Publicly available documents reveal property and companies linked to key figures in the Mubarak circle that have been unaffected by sanctions.
Egyptian officials accuse the UK of hiding stolen wealth and breaching international anti-corruption accords.
The UK says it is doing as much as it can to trace the funds.
Reports that President Hosni Mubarak and his inner circle stole tens of billions of dollars helped fuel the revolution which overthrew him on 11 February last year.
Three days later, UK Foreign Secretary William Hague told parliament the UK would co-operate with an Egyptian government request to freeze the assets of several former officials.
But it was a further 37 days before Britain and other EU states applied the sanctions - a period when Egypt says the accused officials were able to move their money elsewhere.
About £85m ($135m) of assets belonging to Mr Mubarak, his wife, two sons, and 15 other Egyptians have now been frozen in the UK.
More information
But the BBC investigation found assets that have apparently been missed.
The publicly accessible Companies House register reveals that one of those named on the sanctions list, Naglaa al-Ghazaerly, wife of the former housing minister, was able to register a company in her own name in London in November 2011, seven months after her assets were ordered to be frozen.
Another similar document shows that a London investment company, Medinvest Associates, external, co-founded by Mr Mubarak's younger son Gamal, and still belonging to a Cypriot firm he helped run, continued operating until it dissolved itself, voluntarily, in February this year - 11 months after sanctions were imposed.

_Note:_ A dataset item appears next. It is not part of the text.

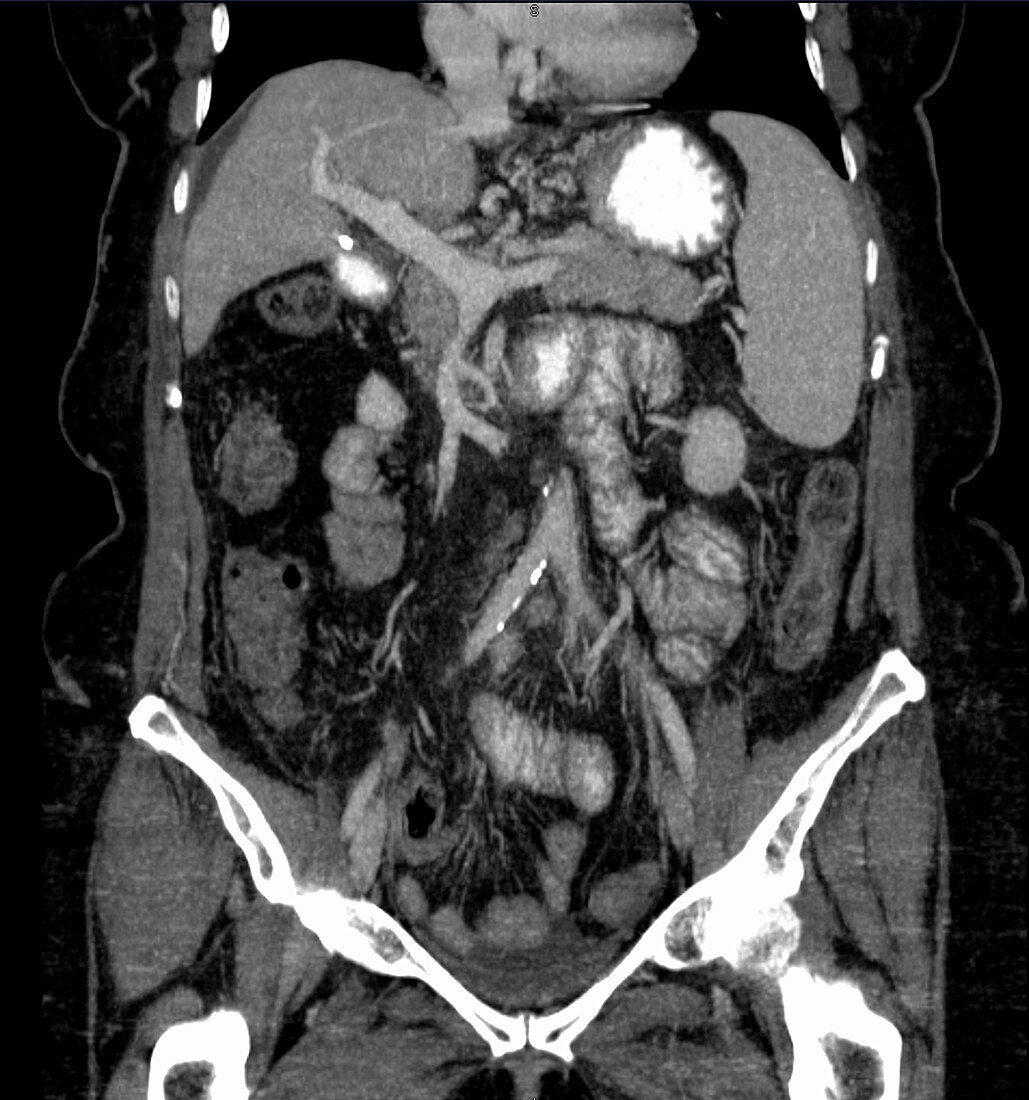 Cirrhosis, coronal CT scan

Meanwhile there is no indication on Land Registry documents of any freeze on the large house worth between £8m and £10m in Wilton Place, off Knightsbridge in London, that was Gamal Mubarak's UK home for many years until the Egyptian revolution.

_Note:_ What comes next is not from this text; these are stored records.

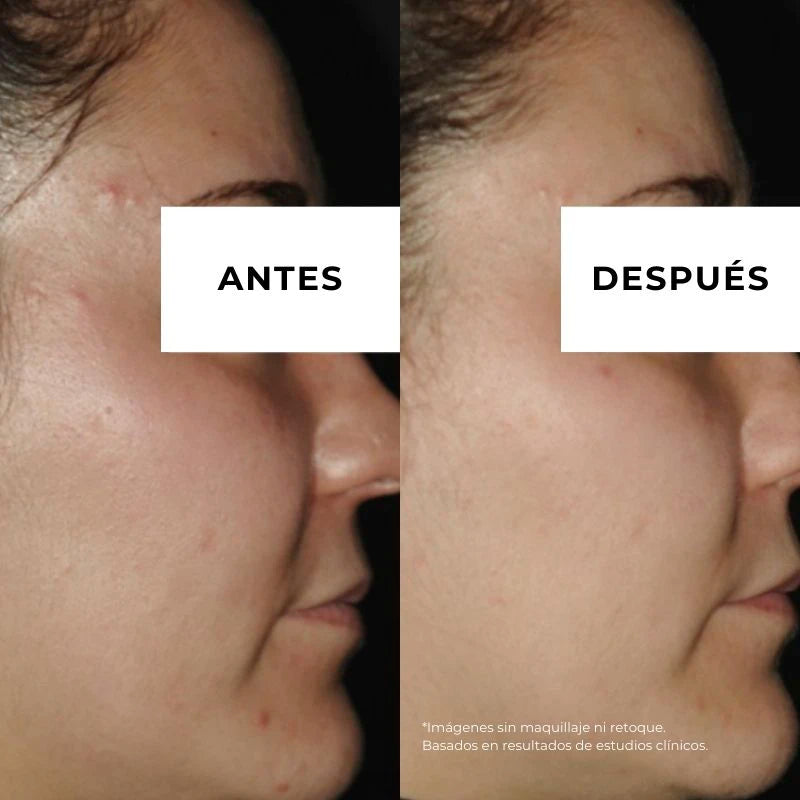 resultados crema antiacne arganour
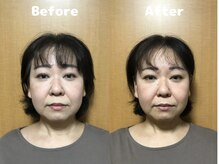 くにたちNyan鍼灸整体院/【小顔矯正】Before After 7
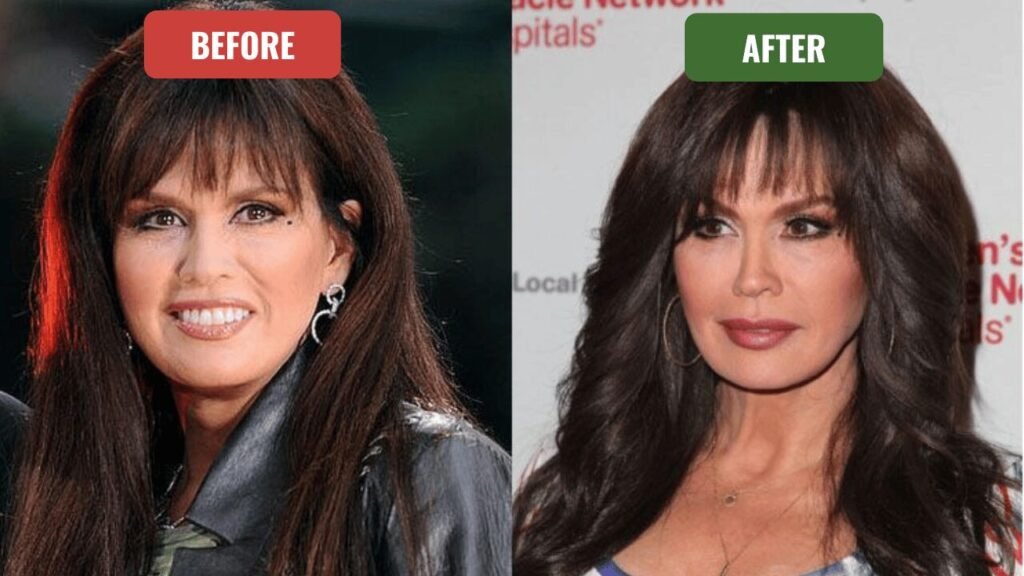 marie osmond plastic surgery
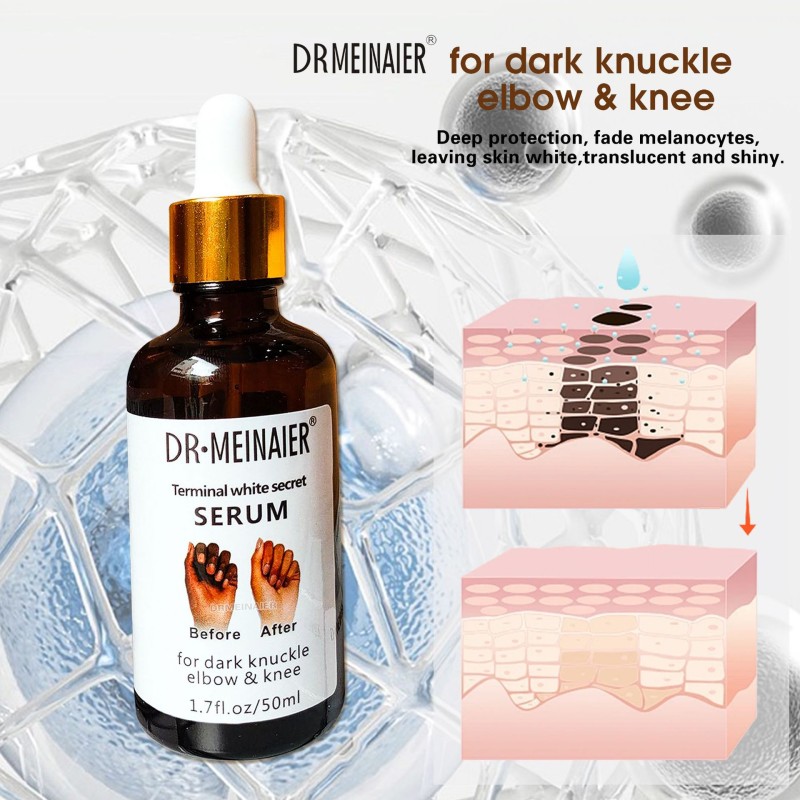 Dark Knuckles Fast Whitening Serum Pigmentation Hand Knuckle Elbows Knee Intense Stains Remover Serum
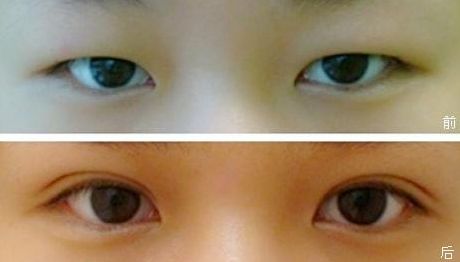 塑造完美鼻型，一觸即達(dá)！隆鼻醫(yī)生品牌推薦，成功案例揭秘，費(fèi)用一覽表震撼來襲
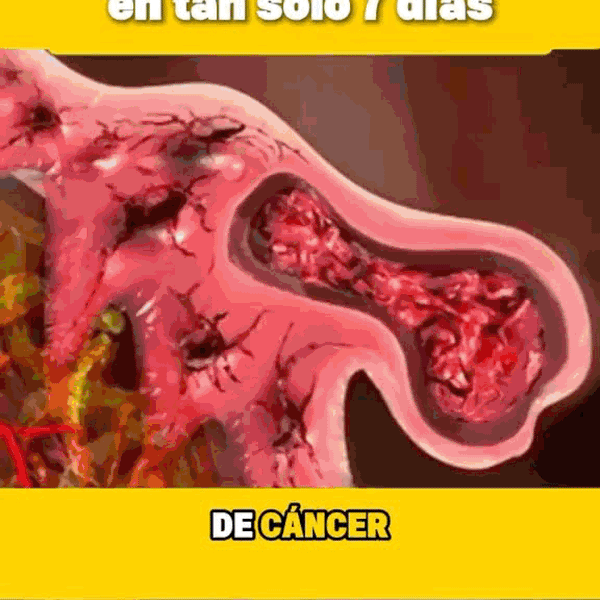 Gel Fresco para Alivio
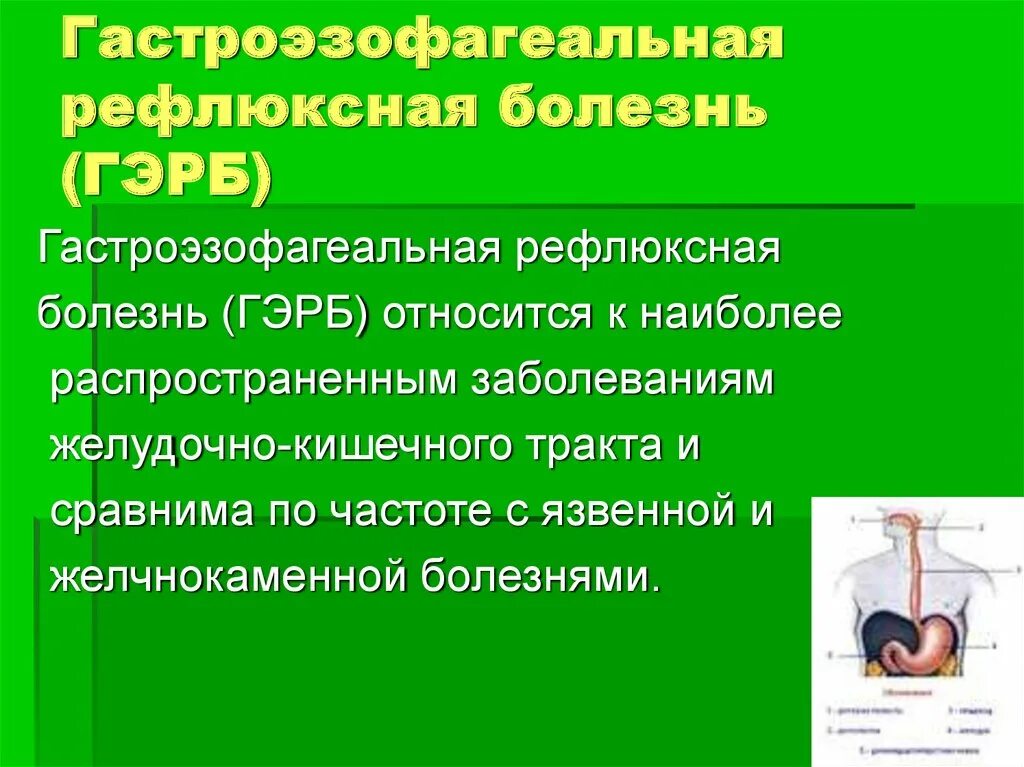 Гастроэзофагеальная болезнь презентация.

He listed the house as his address as recently as 2010, when it appears on the birth certificate of his daughter Farida.
The house is registered to a company in the tax haven of Panama. But in international practice, sanctions should apply to any assets of which the named individual is the "beneficial owner" - the person who enjoys the benefit of them, even if the title is in another name.

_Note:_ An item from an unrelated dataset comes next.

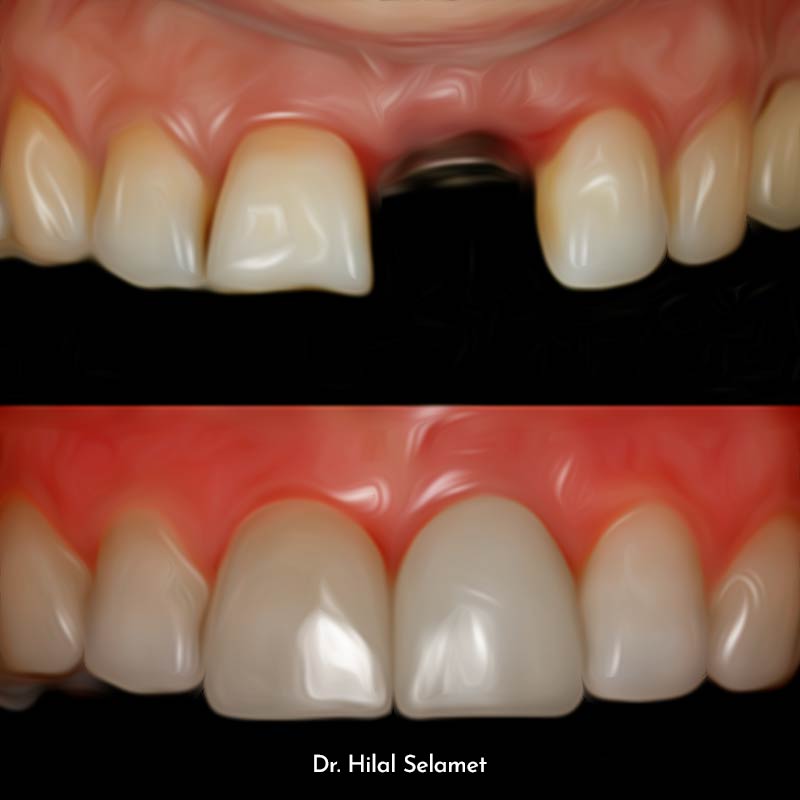 İmplant öncesi diş görünümü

Britain has accepted official requests from Egypt for legal assistance to help trace and freeze assets. But Egypt says the UK is asking for more information before it can proceed further - information Egypt says it does not have.
Lawful procedure
Assem al-Gohary, head of Egypt's Illicit Gains Authority said: "The British government is obliged by law to help us. But it doesn't want to make any effort at all to recover the money. It just says: 'Give us evidence'. Is this reasonable? We are in Egypt, looking for money in the UK."
The Foreign Office says it has passed all information received from the BBC to relevant authorities, but cannot comment further on individual cases.
Foreign Office Minister Alistair Burt said: "We understand the strength of feeling in Egypt on this issue and are working closely with their authorities to identify and restrain assets their courts have identified as stolen."
But he added: "It is crucial that the recovery and return of stolen assets is lawful. It is simply not possible for the UK to deprive a person of their assets and return them to an overseas country in the absence of a criminal conviction and confiscation order."
He said Britain could not have acted more quickly to freeze assets because such an order cannot be made on the basis of suspicion alone, and it took time to agree a freeze with all 27 EU states, as was necessary.
The UK's approach contrasts with that of Switzerland - once known as an easy place to conceal money - which froze the assets of Mubarak and his associates within half an hour of his resignation last year.
The Swiss Federal Prosecutor Michael Lauber told the BBC he had a team of more than 20 police investigators tracing suspected illicit Egyptian assets.
The total amount frozen has risen from CHF410m (£270m) in February 2011 to about CHF700m (£470m) now - while the amount frozen in the UK has not risen since last year.
Egypt's new Legal Affairs Minister Mohamed Mahsoub said: "The UK is one of the worst countries when it comes to tracing and freezing Egyptian assets."
But he said Egypt itself, where elements of the old regime are still influential, had also failed to investigate adequately.